I – Conceito de contrato internacional
Inicialmente, a palavra contractus significa unir, contrair. É, por assim dizer, um negocio jurídico em que se celebra o acordo de duas ou mais vontades, na conformidade da ordem jurídica, nos limites da função social do contrato e nos princípios de boa-fé e probidade, destinados a estabelecer uma regulamentação de interesses entre as partes, até chegarem ao momento culminante, que é a conclusão do mesmo.
O contrato internacional, objeto inebriante do nosso tema, é um acordo de vontades que visa a colimar um objetivo das partes. Na verdade, tal contrato é a conseqüência do intercambio entre Estados e pessoas, no sentido amplo, cujas características são diversificadas dos mecanismos conhecidos e, usualmente, utilizados pelos comerciantes.
O presente estudo dará, portanto, prioridade à questão da lei aplicável aos contratos internacionais, categoria em que se encontram os contratos internacionais do comércio. De tal arte, a natureza de um contrato como internacional ou não é feita a partir de uma perspectiva interna, cada país adotará seus critérios de interpretação. Sendo assim, um contrato pode ser considerado internacional em um país, e interno em outro.
Neste passo, para que um contrato esteja potencialmente sujeito a dois ou mais ordenamentos jurídicos, há que se identificarem os elementos de estraneidade e sua relevância jurídica. Para o direito brasileiro, um exemplo relevante de estraneidade é o domicílio das partes contratantes. Ad exemplum, um contrato de locação será internacional se celebrado entre uma pessoa domiciliada no Canadá e outra aqui no Brasil, mesmo que ambas sejam brasileiras e que o objeto do contrato se encontre em solo nacional.
Ortodoxamente, o elemento de estraneidade é selecionado pela autoridade judiciária para apontar o ordenamento jurídico a ser aplicado no caso concreto que funciona, verdadeiramente, como uma seta sugestiva do direito aplicável.
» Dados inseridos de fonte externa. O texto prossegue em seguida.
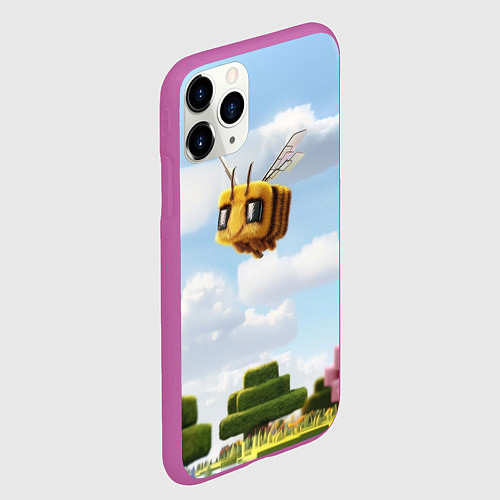 Чехол iPhone 11 Pro матовый Пчёлка - Minecraft / 3D-Фиолетовый – фото 2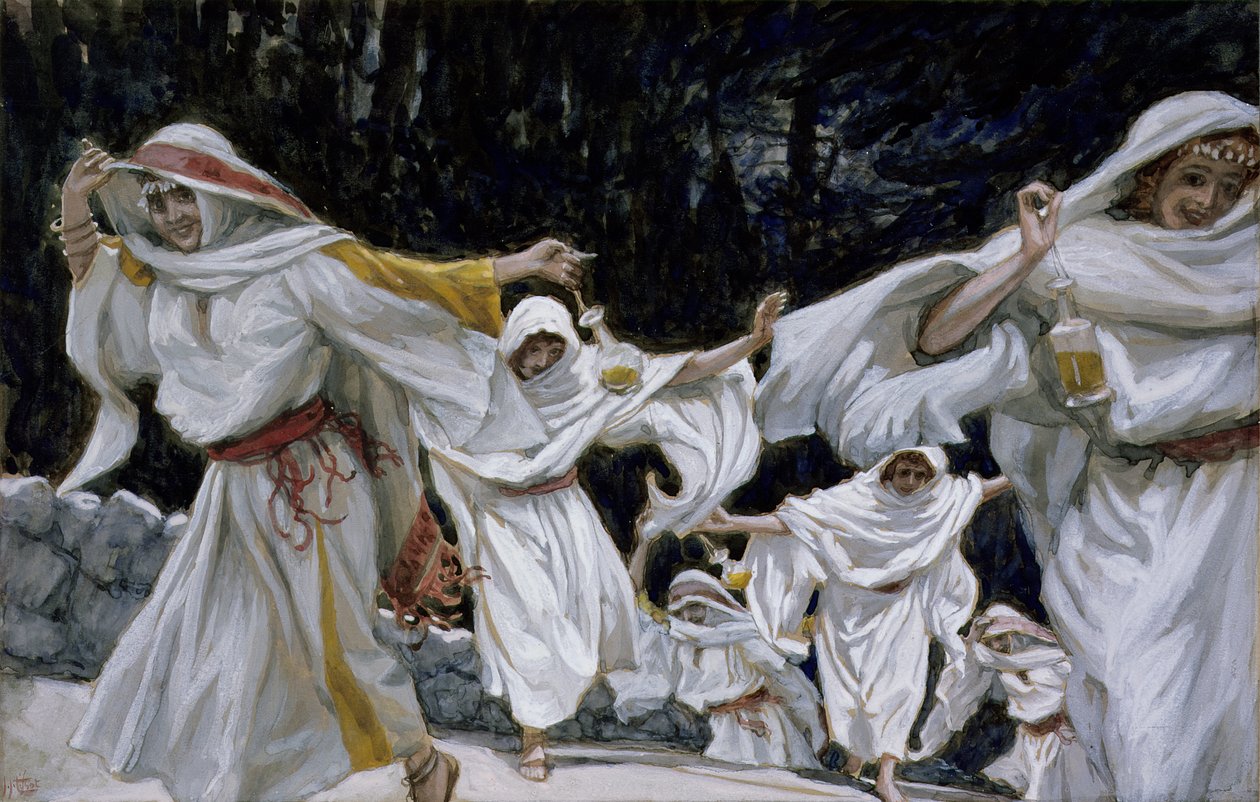 A bölcs szüzek, illusztráció a Krisztus életéhez, 1886-94 körül (wc és gouache kartonon) alkotó: James Jacques Joseph Tissot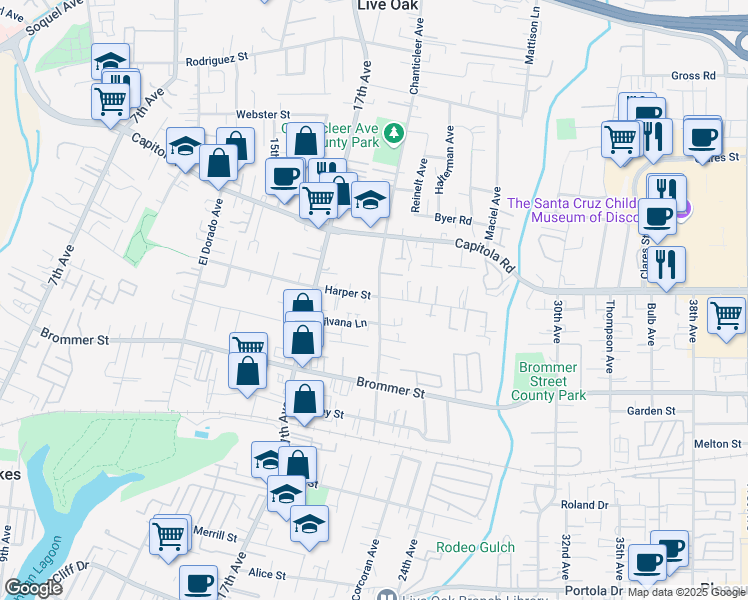 map of restaurants, bars, coffee shops, grocery stores, and more near 1944 Harper Street in Santa Cruz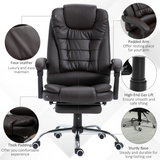 High Back Executive Reclining Office Chair with Retractable Footrest & Lumbar Support – PU Leather Home Office Chair, Brown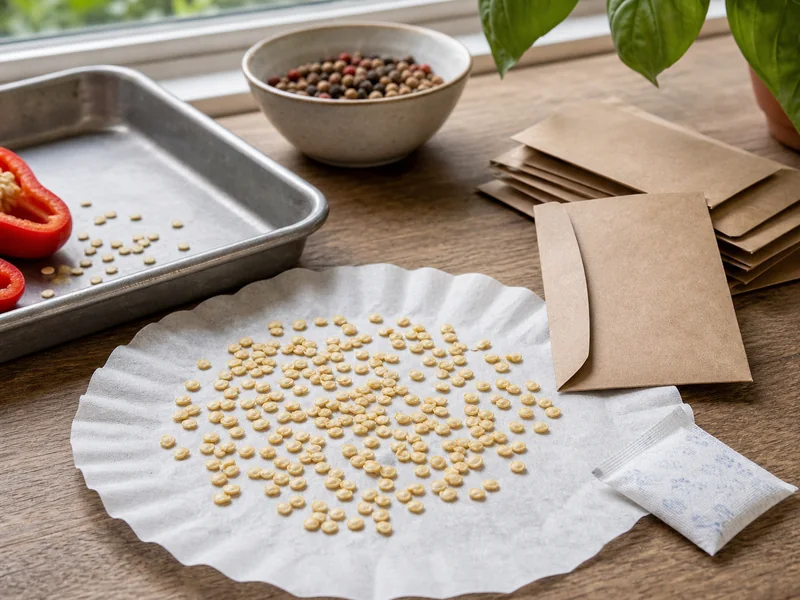 Pepper seeds drying in a thin layer beside blank seed envelopes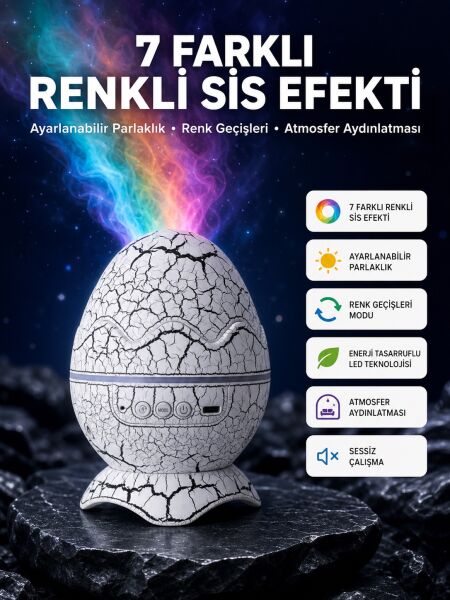 Bluetooth Hoparlör Özellikli 7 Renkli Gece Aydınlatması - Lisinya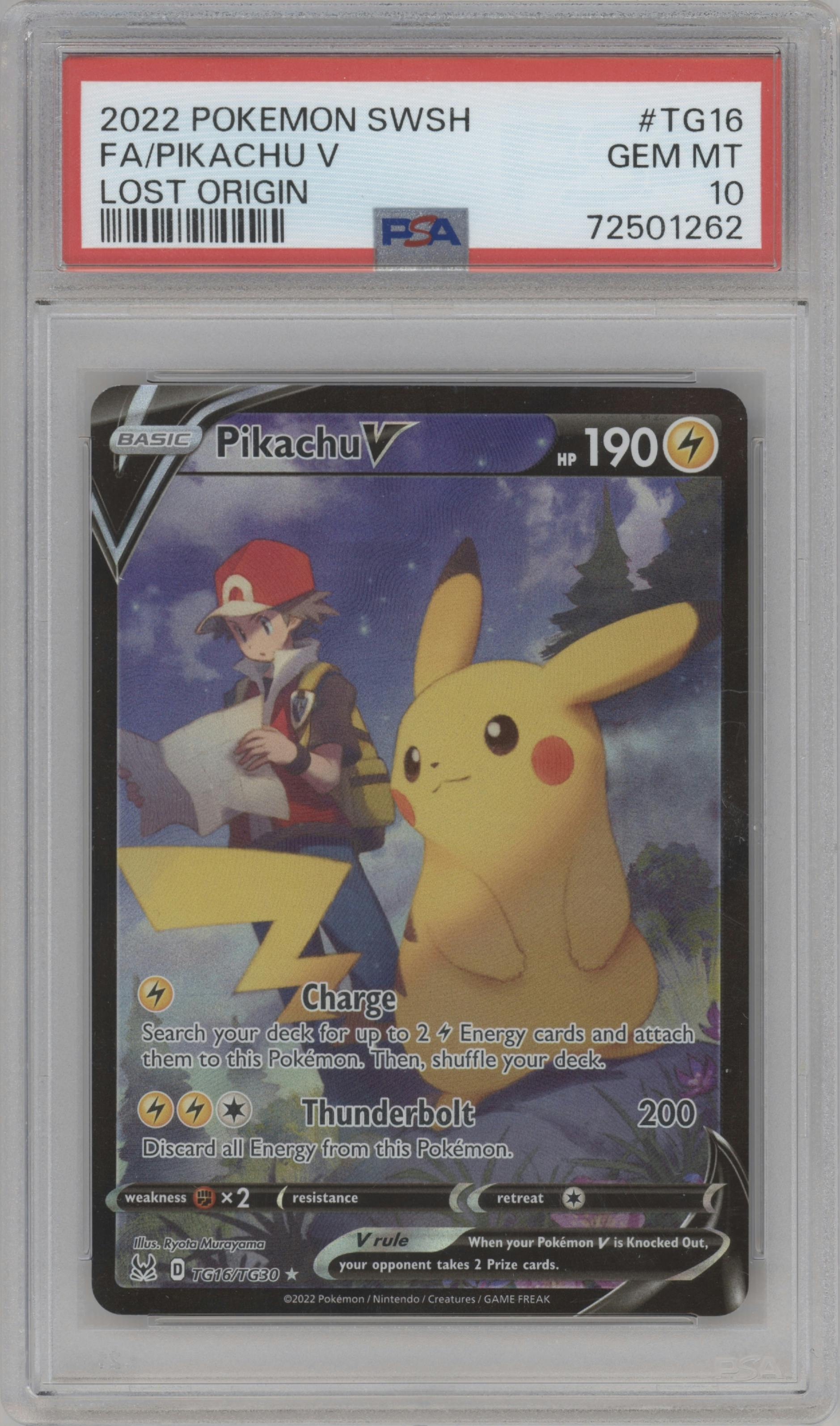 Pikachu V from the 2022 Pokemon SWSH set graded by PSA and given an overall grade of 10.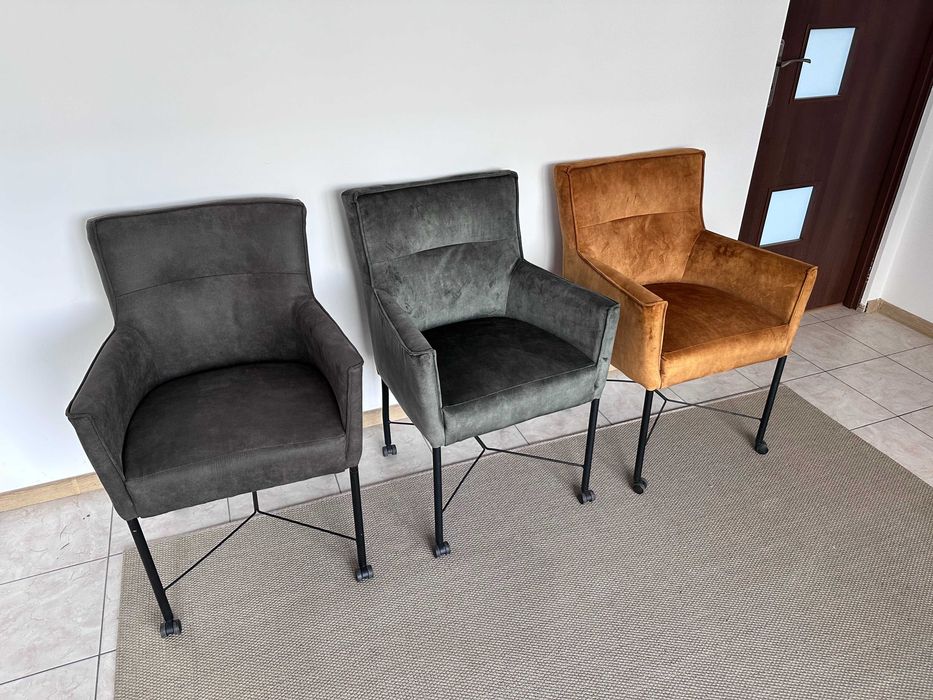 Loftowe Wygodne Krzesła Na Kółkach Skandynawskie Oryginalne 3 szt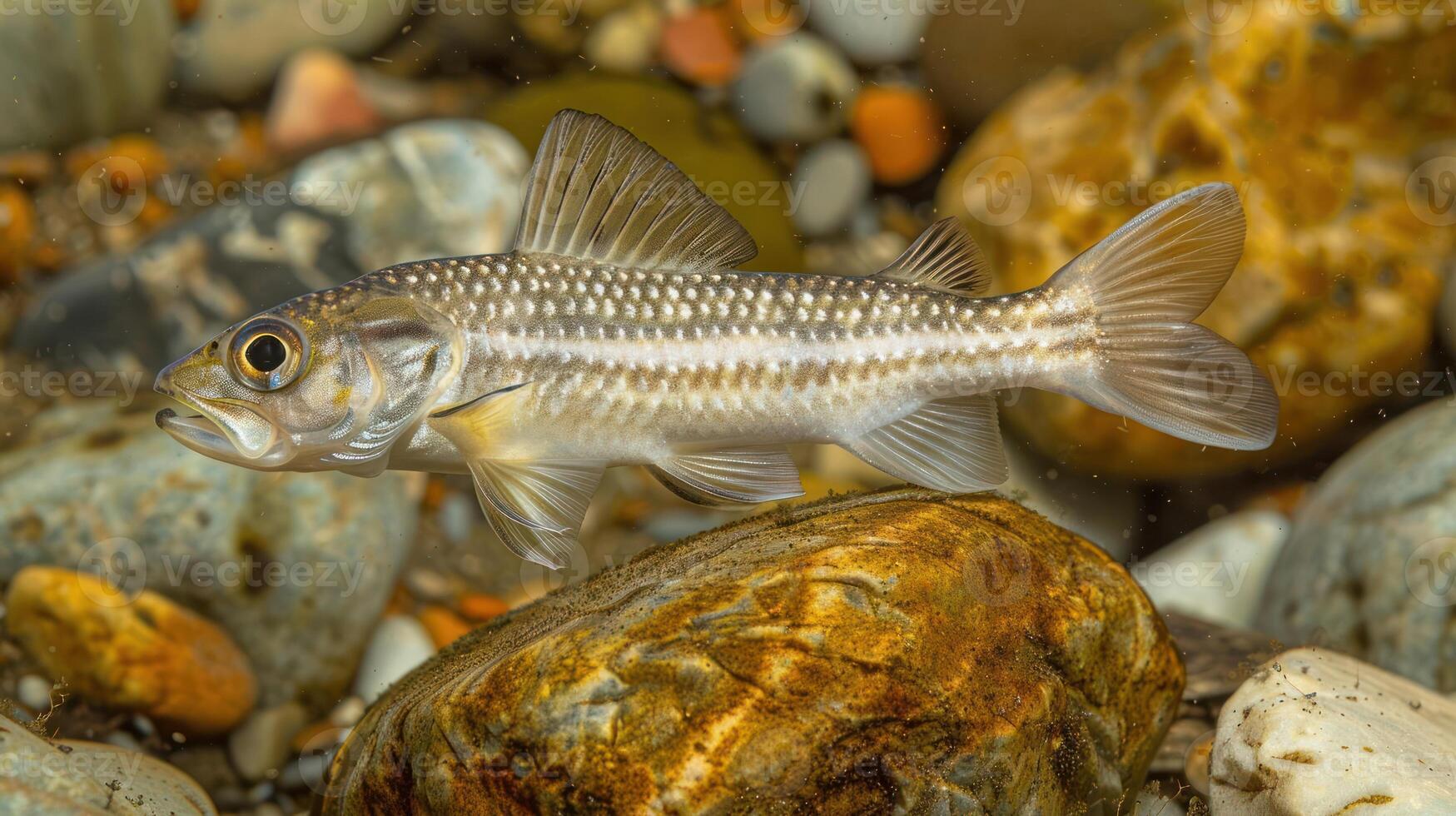 Underwater view of a fish swimming among pebbles in a clear stream, showcasing aquatic life photo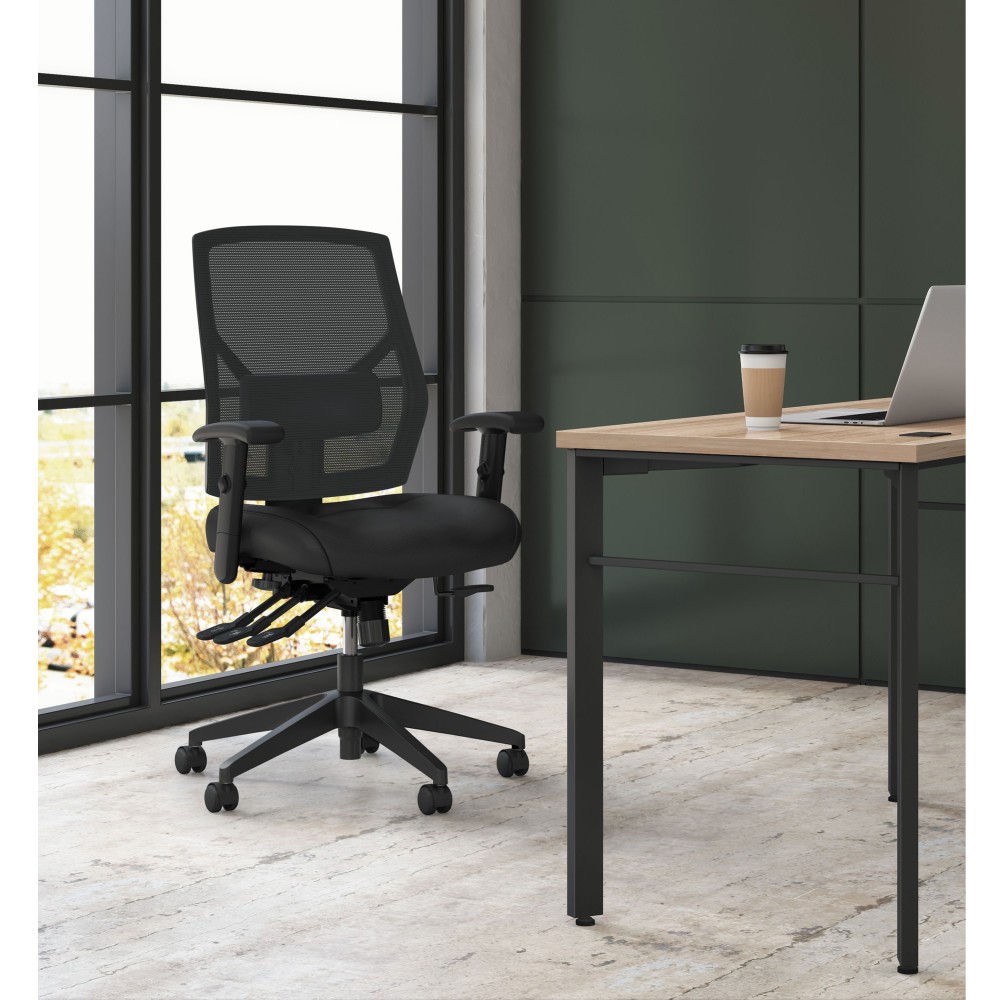 HON Crio Ergonomic Leather High Back Task Chair With Asynchronous Control Black PopularChairscom   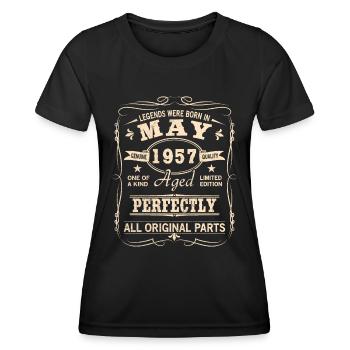 Vintage May 1957 Birthday - Women's Functional T-Shirt - black - Front - AI Model Female 172 light (172cm)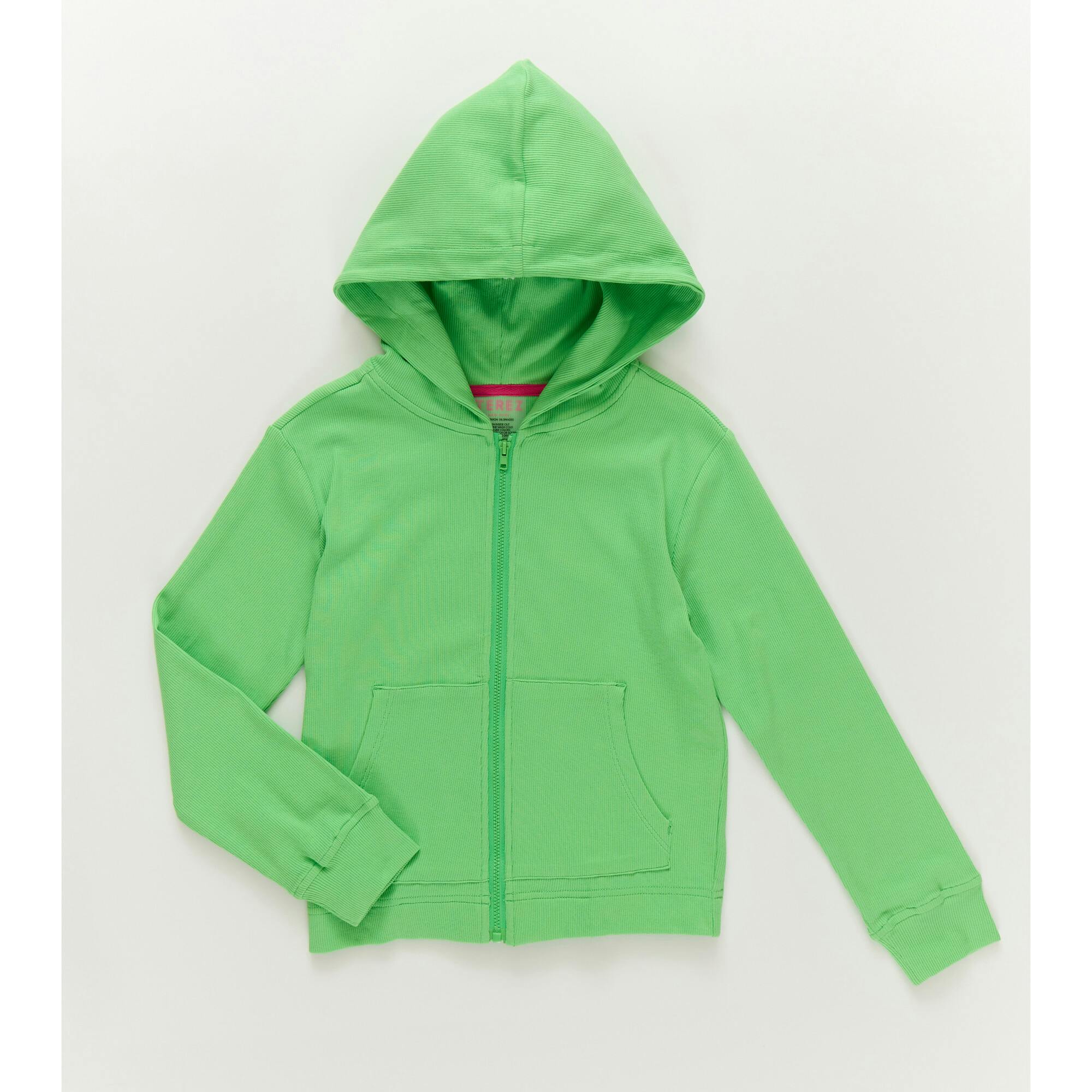 Girls Rib Hoodie in Tropic Green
Sua importância é imensa, devido à proliferação dos contratos internacionais do comércio, que por sua natureza, não restringem seus vínculos a um único e exclusivo sistema legal.
Tal elemento tem função indicativa, isto é, mostrar que o direito intervém com função subordinante, apontado pela expressão variável, que é utilizável de acordo com as circunstâncias que fixam o elemento vinculativo, podendo ser a nacionalidade, a residência, o domicílio, o lugar da situação dos imóveis, do local da obrigação dos contratos (STRENGER, 1973, p. 24).
A diferença fundamental entre os contratos nacionais, regidos pelo Código Civil Brasileiro, Lei nº 10.406 de 2002, nos art. 421 e seguintes, é que no contrato internacional as cláusulas concernentes à conclusão, capacidade das partes e o objeto se relacionam a mais de um sistema jurídico vigente. Ambos os direitos, internacional e nacional, tem campos de atuação distintos, sendo, no entanto, difícil, às vezes, demarcar quando começa um e quando o outro termina.
Portanto, frisa-se que, quando os elementos constitutivos do contrato, como as partes, objeto, local, se originam e se realizam dentro dos limites geográficos e político de um único país, está-se diante do âmbito interno das obrigações. Inversamente, quando as partes contratantes tenham nacionalidades diversas ou domicílio em países diferentes, quando o objeto do contrato seja entregue ou prestado de forma extraterritorial, ou quando os lugares de celebração e execução das obrigações contraídas também não coincidem, estaremos diante dos contratos internacionais empresariais (STRENGER, 2003, p. 33).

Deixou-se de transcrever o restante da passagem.